*** Opening MATERIAL SUPPLIED ***

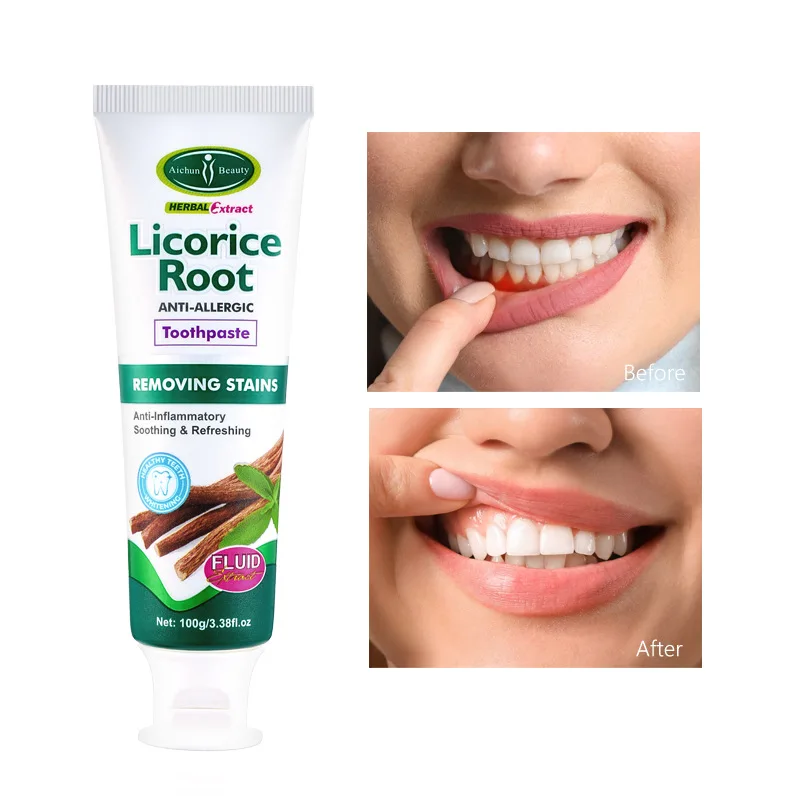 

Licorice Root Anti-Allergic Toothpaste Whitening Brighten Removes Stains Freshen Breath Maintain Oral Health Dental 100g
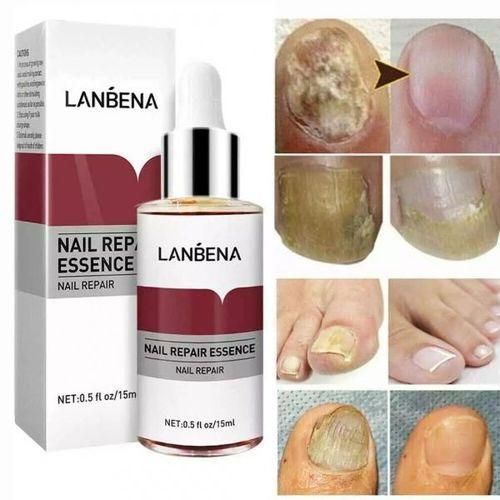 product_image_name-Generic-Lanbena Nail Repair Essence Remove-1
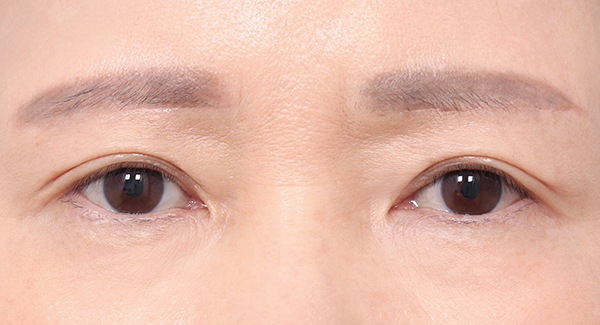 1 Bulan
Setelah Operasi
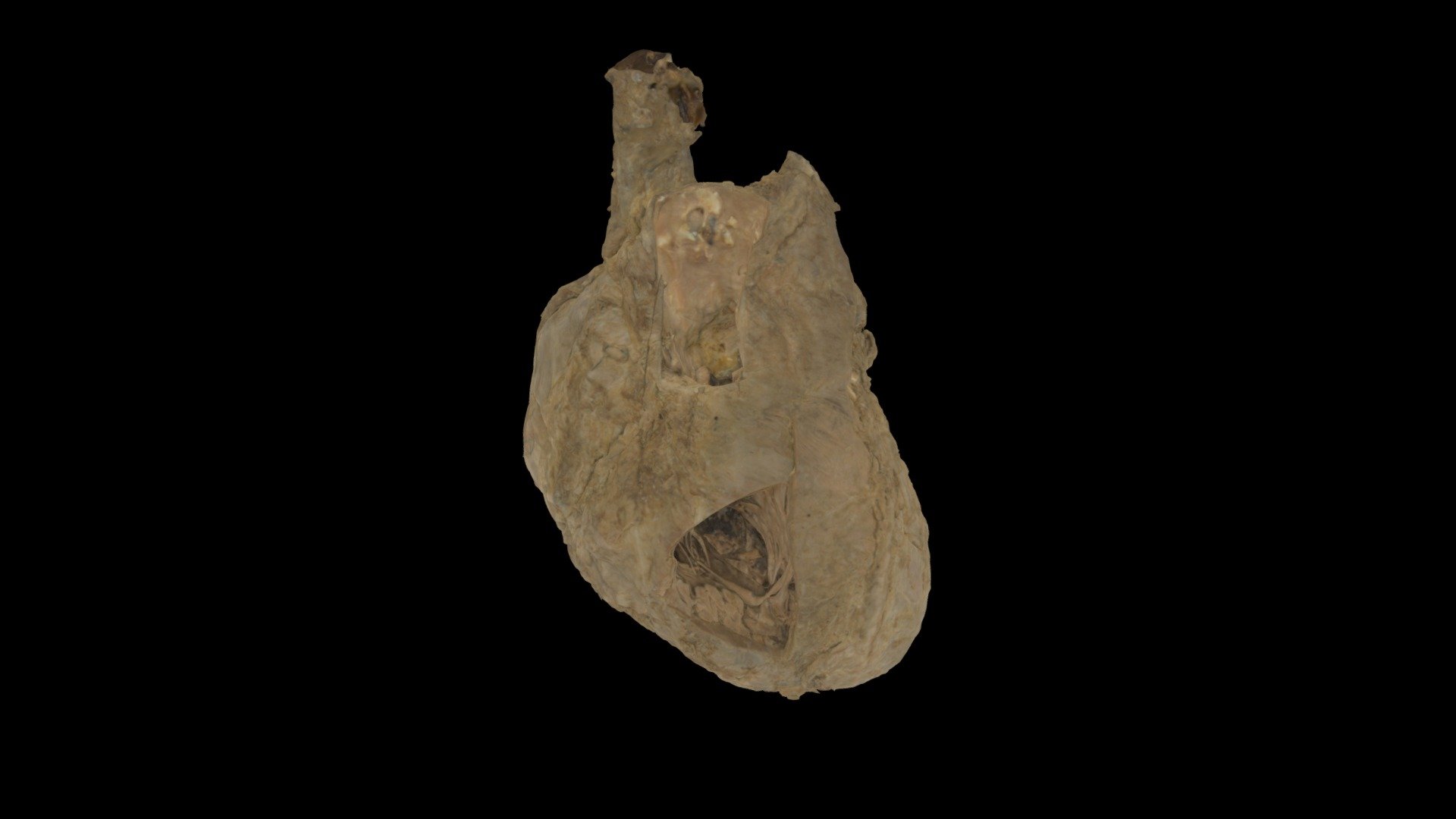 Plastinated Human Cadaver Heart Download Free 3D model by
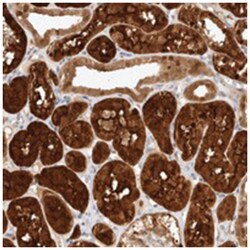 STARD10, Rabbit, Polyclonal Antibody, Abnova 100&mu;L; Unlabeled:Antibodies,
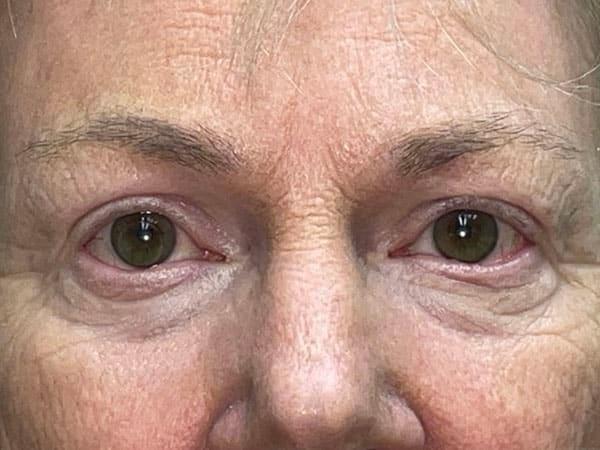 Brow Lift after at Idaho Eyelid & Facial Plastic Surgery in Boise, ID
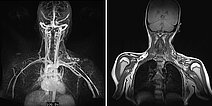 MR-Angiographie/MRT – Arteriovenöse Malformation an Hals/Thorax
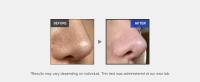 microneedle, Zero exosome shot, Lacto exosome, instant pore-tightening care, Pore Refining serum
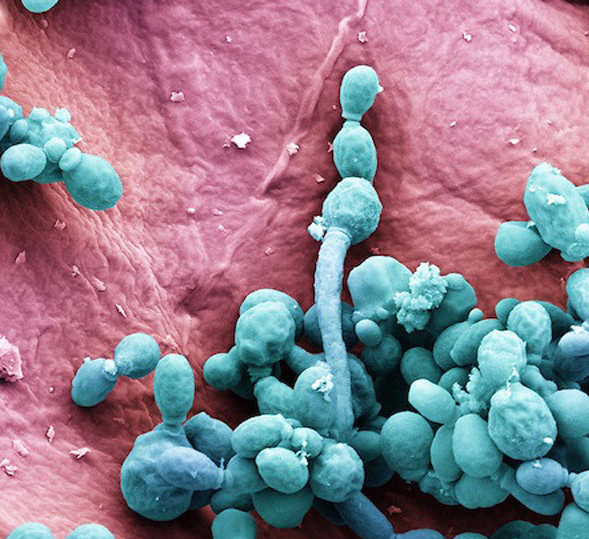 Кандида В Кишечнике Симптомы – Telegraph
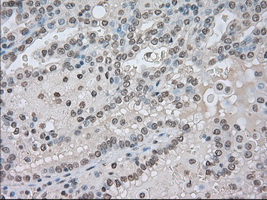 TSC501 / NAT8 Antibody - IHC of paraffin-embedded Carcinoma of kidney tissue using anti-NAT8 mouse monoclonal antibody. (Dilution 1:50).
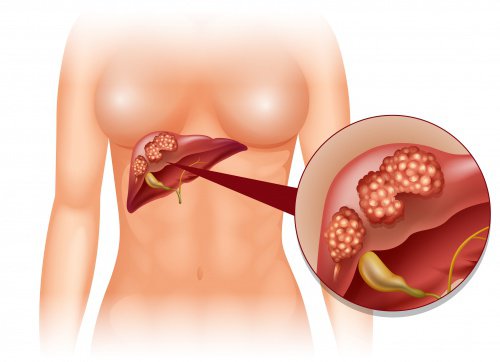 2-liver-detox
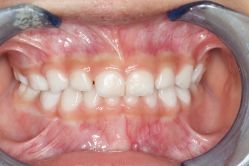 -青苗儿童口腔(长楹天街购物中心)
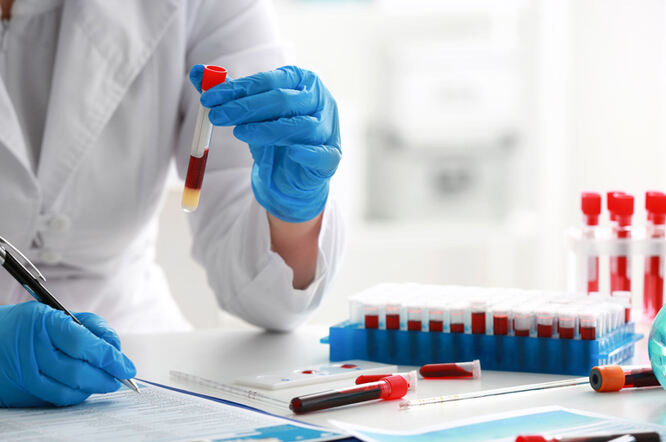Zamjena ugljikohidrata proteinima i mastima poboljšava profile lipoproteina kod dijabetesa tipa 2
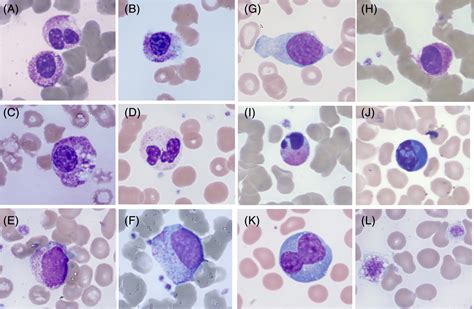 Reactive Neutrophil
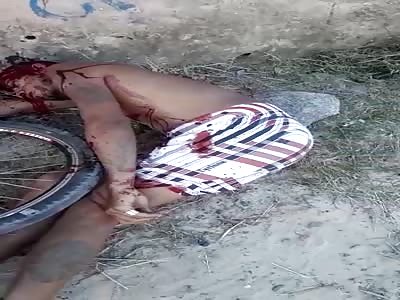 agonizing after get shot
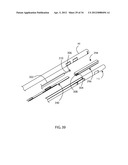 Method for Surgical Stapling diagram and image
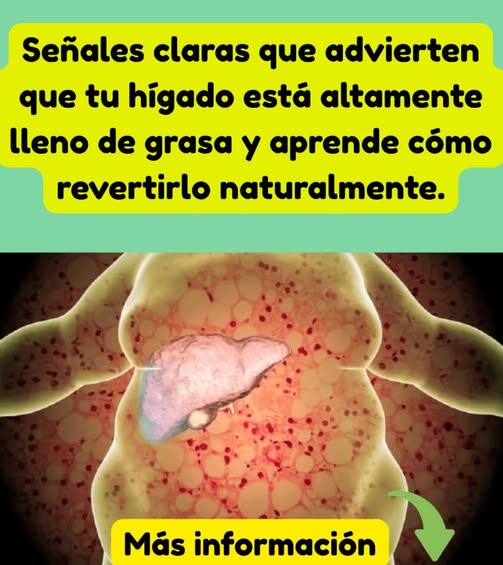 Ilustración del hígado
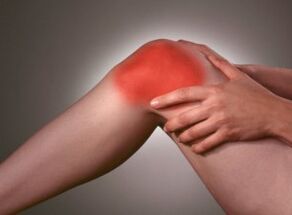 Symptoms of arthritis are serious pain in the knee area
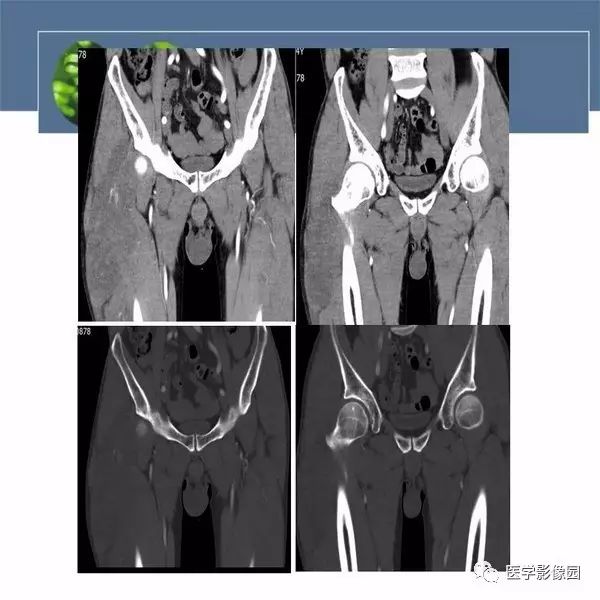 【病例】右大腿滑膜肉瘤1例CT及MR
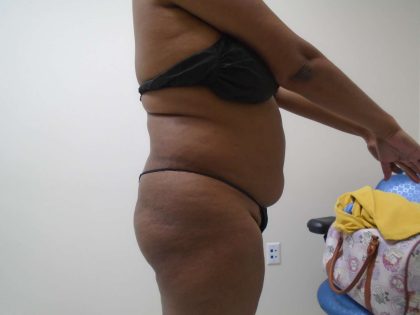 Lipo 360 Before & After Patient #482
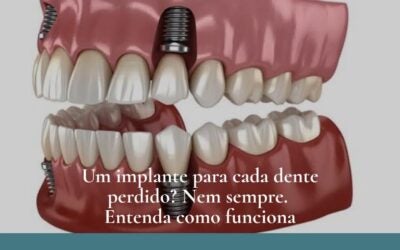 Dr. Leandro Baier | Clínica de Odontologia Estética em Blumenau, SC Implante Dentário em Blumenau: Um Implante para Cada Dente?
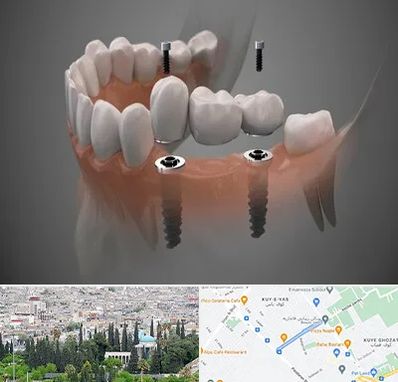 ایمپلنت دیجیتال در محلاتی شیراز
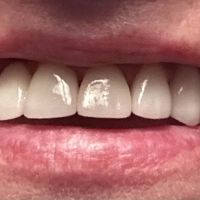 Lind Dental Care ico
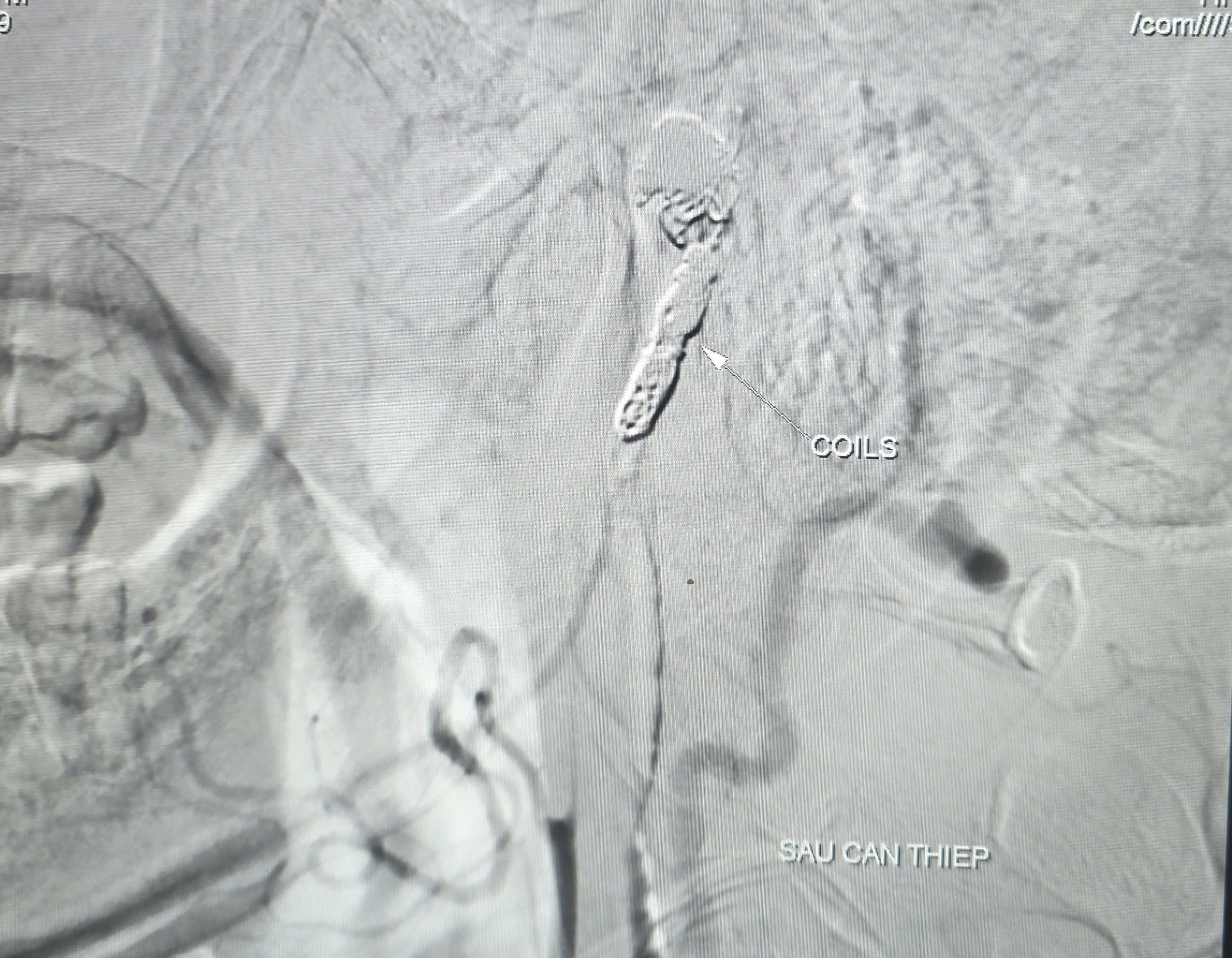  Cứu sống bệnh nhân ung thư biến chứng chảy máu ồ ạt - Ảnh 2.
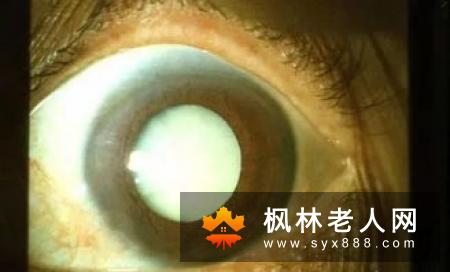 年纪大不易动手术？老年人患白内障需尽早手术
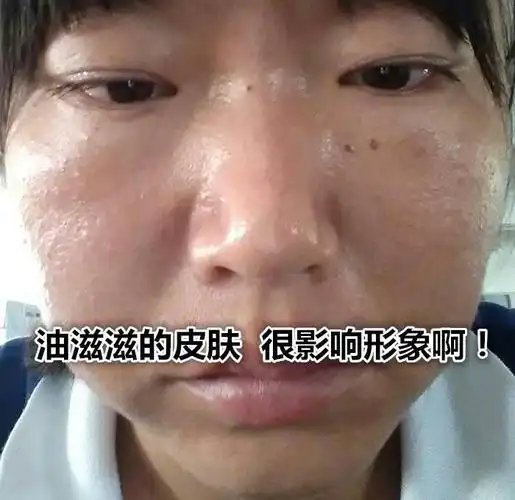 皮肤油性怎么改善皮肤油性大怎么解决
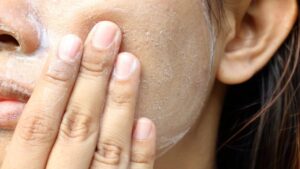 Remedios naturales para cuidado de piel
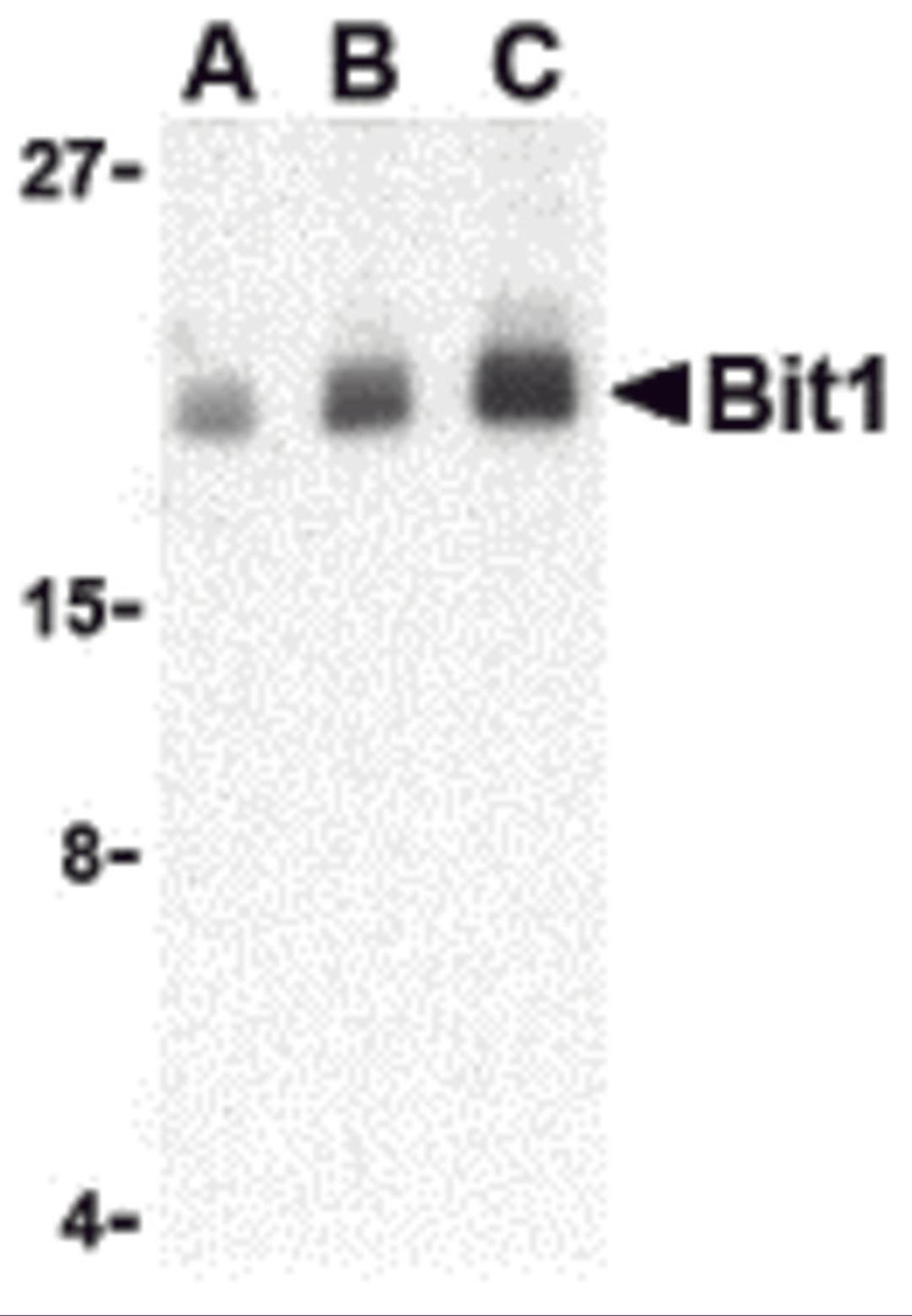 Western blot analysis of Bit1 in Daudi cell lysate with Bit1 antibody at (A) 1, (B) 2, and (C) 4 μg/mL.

*** Closing MATERIAL SUPPLIED ***

* PROBLEM
Each record, word for word, should be printed again without its pictures.

* TASK ANSWER
Licorice Root Anti-Allergic Toothpaste Whitening Brighten Removes Stains Freshen Breath Maintain Oral Health Dental 100g
 product_image_name-Generic-Lanbena Nail Repair Essence Remove-1
 1 Bulan
Setelah Operasi
 Plastinated Human Cadaver Heart Download Free 3D model by
 STARD10, Rabbit, Polyclonal Antibody, Abnova 100&mu;L; Unlabeled:Antibodies,
 Brow Lift after at Idaho Eyelid & Facial Plastic Surgery in Boise, ID
 MR-Angiographie/MRT – Arteriovenöse Malformation an Hals/Thorax
 microneedle, Zero exosome shot, Lacto exosome, instant pore-tightening care, Pore Refining serum
 Кандида В Кишечнике Симптомы – Telegraph
 TSC501 / NAT8 Antibody - IHC of paraffin-embedded Carcinoma of kidney tissue using anti-NAT8 mouse monoclonal antibody. (Dilution 1:50).
 2-liver-detox
 -青苗儿童口腔(长楹天街购物中心)
Zamjena ugljikohidrata proteinima i mastima poboljšava profile lipoproteina kod dijabetesa tipa 2
 Reactive Neutrophil
 agonizing after get shot
 Method for Surgical Stapling diagram and image
 Ilustración del hígado
 Symptoms of arthritis are serious pain in the knee area
 【病例】右大腿滑膜肉瘤1例CT及MR
 Lipo 360 Before & After Patient #482
 Dr. Leandro Baier | Clínica de Odontologia Estética em Blumenau, SC Implante Dentário em Blumenau: Um Implante para Cada Dente?
 ایمپلنت دیجیتال در محلاتی شیراز
 Lind Dental Care ico
  Cứu sống bệnh nhân ung thư biến chứng chảy máu ồ ạt - Ảnh 2.
 年纪大不易动手术？老年人患白内障需尽早手术
 皮肤油性怎么改善皮肤油性大怎么解决
 Remedios naturales para cuidado de piel
 Western blot analysis of Bit1 in Daudi cell lysate with Bit1 antibody at (A) 1, (B) 2, and (C) 4 μg/mL.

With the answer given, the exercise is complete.